双层石墨烯独特的物理性能和特性使其在电子领域拥有广阔的应用前景,引起了学者的广泛关注。采用热丝化学气相沉积方法(HFCVD)在1 cm×2 cm的铜箔上制备石墨烯薄膜,并通过探究腔内气压、基体温度、沉积时间、碳源浓度对石墨烯层数和质量的影响,开发出制备低缺陷双层石墨烯的工艺。采用拉曼光谱仪、扫描电子显微镜和原子力显微镜对石墨烯涂层的结构特征、表面形貌和层数进行了表征。实验结果表明,在铜箔上制备出了均匀致密的低缺陷双层石墨烯,厚度为1.5 nm。此外研究结果还表明,降低腔内气压可减少缺陷和层数,增加基体温度可减少层数,沉积时间<4 min或碳源浓度高于1%则无石墨烯生成。因此通过控制腔内气压、基体温度、沉积时间和碳源浓度可实现石墨烯可控生长。

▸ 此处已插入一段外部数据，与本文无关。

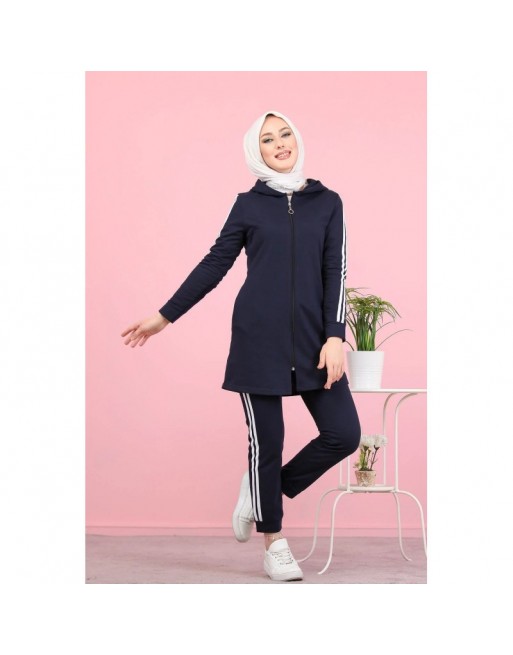 Ensemble Veste et pantalon - Survêtement musulman pour femme - Couleur bleu marine Ensemble Veste et pantalon - Survêtement musulman pour femme - Couleur bleu marine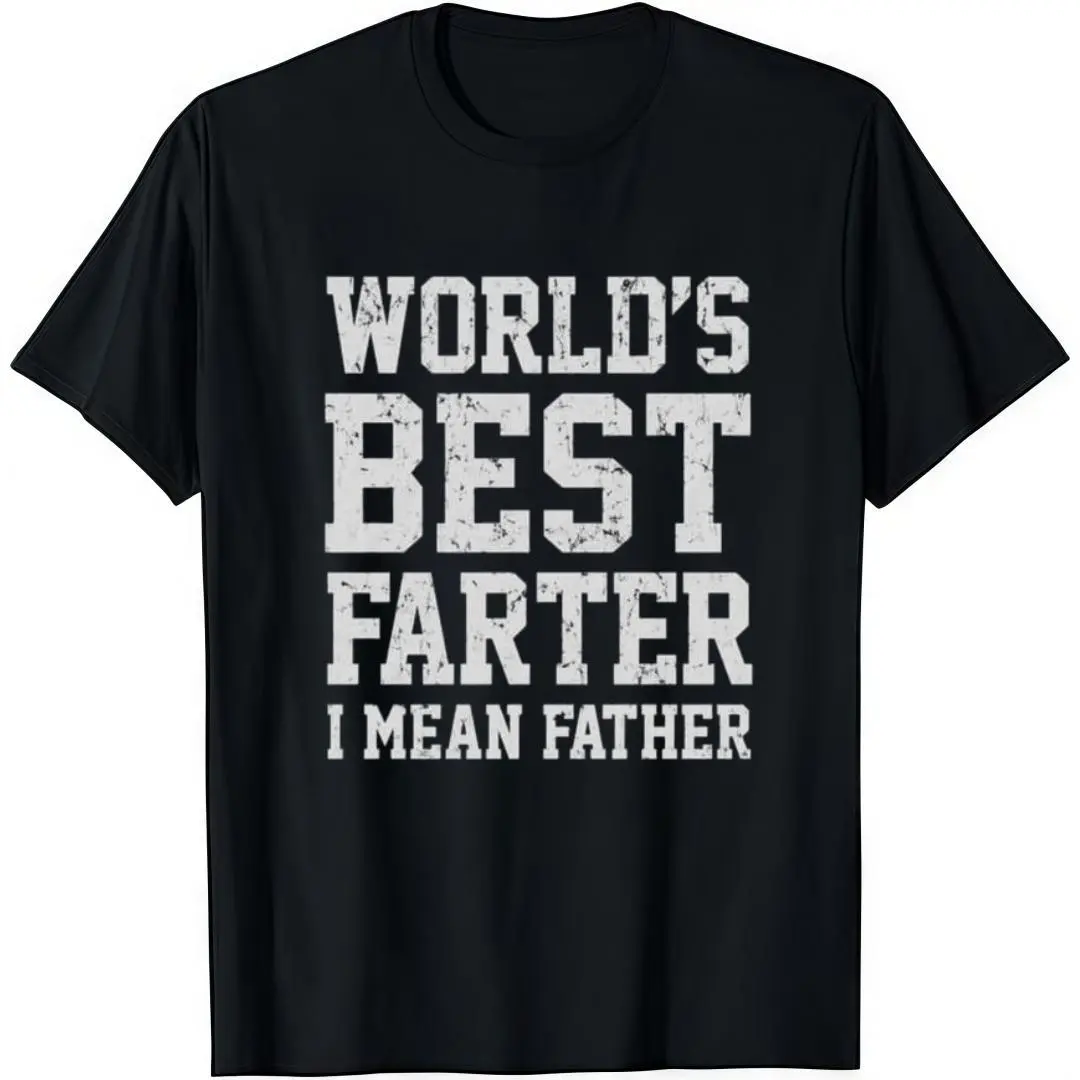 Men's Cotton Crew Neck Short Sleeve Graphic T-Shirt, "World Best Farter I Mean Father" Print, Casual Classic Comfortable Versatile Everyday Sports Top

High-quality bilayer graphene synthetized on Cu substrate by HFCVD

Because of its unique physical properties,bilayer graphene has broad application prospects in electronics filed,which has attracted wide attention of scholars. Here,hot-filament chemical vapor deposition method (HFCVD) was usedto deposit graphene on 1 cm×2 cm Cu substrate. The effect of pressure,substrate temperature,deposition time and carbon source concentration on the layers and quality was investigated to deposit bilayer graphene with low defect. Moreover,the surface morphology,microstructure and layer number of graphene were examined by Raman,SEM and AFM. The results show that a dense low-defect bilayer graphene was uniformly covered on Cu with a thickness of 1.5 nm. In addition,decreasing the pressure would reduce defect and layer number,while increasing the substrate temperature would reduce the layer number,and no graphene formed when deposition time was less than 4 min or carbon source concentration was more than 1%. So the growth of graphene could be implemented controllably by controlling gas pressure,substrate temperature,deposition time and carbon source concentration.